The PEOPLE of the State of New York, Respondent, v. Brian MASTERSON, Defendant-Appellant.
On appeal from a judgment convicting him, upon his plea of guilty, of six counts of robbery in the first degree (Penal Law § 160.15 ), defendant contends that he was denied effective assistance of counsel. To the extent that the contention of defendant survives his guilty plea and valid waiver of the right to appeal (see generally People v. Fifield, 24 A.D.3d 1221, 1222, 807 N.Y.S.2d 256, lv. denied 6 N.Y.3d 775, 811 N.Y.S.2d 342, 844 N.E.2d 797), we conclude that it lacks merit. The record establishes that defendant “receive[d] an advantageous plea and nothing in the record casts doubt on the apparent effectiveness of counsel” (People v. Ford, 86 N.Y.2d 397, 404, 633 N.Y.S.2d 270, 657 N.E.2d 265).
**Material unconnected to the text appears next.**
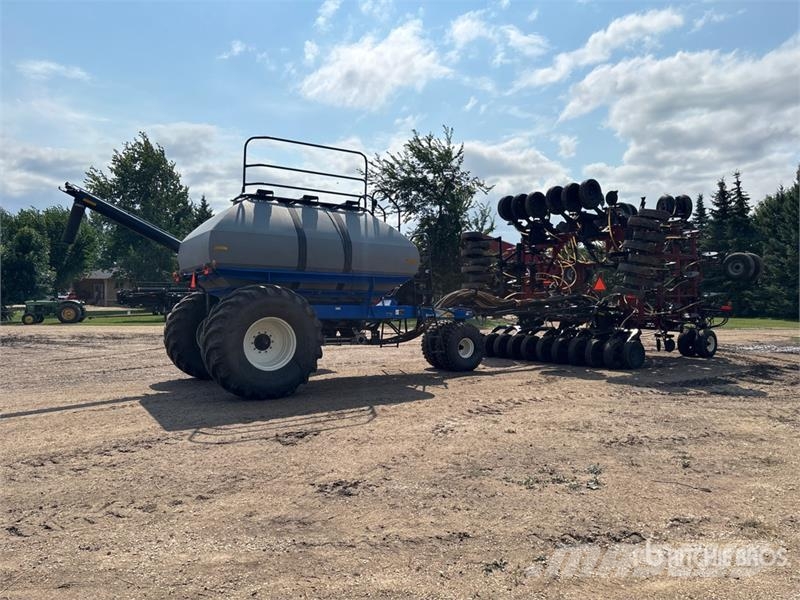 Case IH 4010 40 ft Air Drill Såmaskiner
By failing to move to withdraw his plea or to vacate the judgment of conviction, defendant failed to preserve for our review his challenge to the factual sufficiency of the plea allocution (see People v. Lopez, 71 N.Y.2d 662, 665, 529 N.Y.S.2d 465, 525 N.E.2d 5). According to defendant, the plea allocution was factually insufficient based on the alleged applicability of the affirmative defense that the handgun used in the robberies “was not a loaded weapon from which a shot, readily capable of producing death or other serious physical injury, could be discharged” (§ 160.15 ). Nothing in the plea allocution raised the possibility that the affirmative defense was applicable (see People v. Trapp, 15 A.D.3d 916, 788 N.Y.S.2d 774, lv. denied 4 N.Y.3d 891, 798 N.Y.S.2d 736, 831 N.E.2d 981; People v. Costanza, 244 A.D.2d 988, 665 N.Y.S.2d 487), however, and thus defendant's contention does not fall within the rare case exception to the preservation rule (see Lopez, 71 N.Y.2d at 666, 529 N.Y.S.2d 465, 525 N.E.2d 5). Finally, the valid waiver by defendant of the right to appeal encompasses his challenge to the severity of the sentence (see People v. Lococo, 92 N.Y.2d 825, 827, 677 N.Y.S.2d 57, 699 N.E.2d 416; People v. Hidalgo, 91 N.Y.2d 733, 737, 675 N.Y.S.2d 327, 698 N.E.2d 46).
It is hereby ORDERED that the judgment so appealed from is unanimously affirmed.